How many eager and gullible teenagers have tried, or are trying, to leave this country, each of them intent on joining the extremist rebel group?
I say 'gullible', and in many ways they are, but surely there's much more to it than that?
And why do we find it so hard to understand their actions?

Could it be, perhaps, that we've become hard-wired to modern, western values?

These teenagers are being excited by an old-fashioned concept that we rarely hear mentioned nowadays.  Whereas we are encouraged to be competitive, to go in search of success, financial remuneration and security, they are quite simply following a dream.
Lost in a world of hard facts, have we forgotten just how powerful a dream can be?

"I have a dream . . . " declared Martin Luther King.
All these years later his phrase continues to resonate.

And dreams aren't the preserve of the young . . .  all generations need them.  They provide a sustenance and power unobtainable from material wealth . . . not to mention the vital purpose and a creativity they bring to our lives.

What's more, have you noticed that dreams possess something totally lacking in the goals we're encouraged to seek?  The more dreams are distributed and shared, the more they multiply.  The wider they are spread, the greater and more powerful they become.  Material wealth, on the other hand . . . but I'm sure you see what I mean.

Look at the election campaign being waged at the moment.  Has there been anything on offer that would fire the ardour of an adolescent?  Any proposal that gives rise to dreams . . . to hope . . . to dedication . . . to personal sacrifice?

Quite the contrary.  With few exceptions, it can seem as though a hunger to hold power makes politicians resort to promises that are little more than a palliative for our fears, and a sop to our self-interest.  Promises that are directed more towards the anxious elderly than to idealistic adolescents . . . the elderly, it seems, are more likely to vote.

However much we may rightly deplore the tactics and cruelty of ISIS, the rebel group operates from conviction and an all-powerful sense of unity.  To teenagers, in a world dominated by political barracking, that's an inducement in itself.  It also provides a cause . . . and can we be wholly critical of young people who seek to unite with something bigger than their own self-interest?

Surely, if teenagers are to withstand the ISIS inducement, their hearts and minds need to be drawn to an even more powerful dream?  A dream that appeals to their intelligence whilst being rooted in love, respect, co-operation and trust.
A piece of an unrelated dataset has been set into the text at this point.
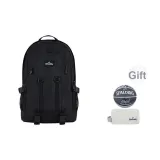 Черный + Сумка для туалетных принадлежностей + Баскетбол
All of which leaves us with a question . . .

It's dreams of the butterfly that guide the caterpillar's transformation in the larvae.   Could it be a dream that will guide us into the future?

Can you feel it out there . . . ?

A dream with the vision, power and integrity to help us resolve our current, complex problems . . . a dream that's common to all of us, whether we're in London, Syria or anywhere else in the world.

Let's be honest, it isn't just the teenagers . . . we all need it.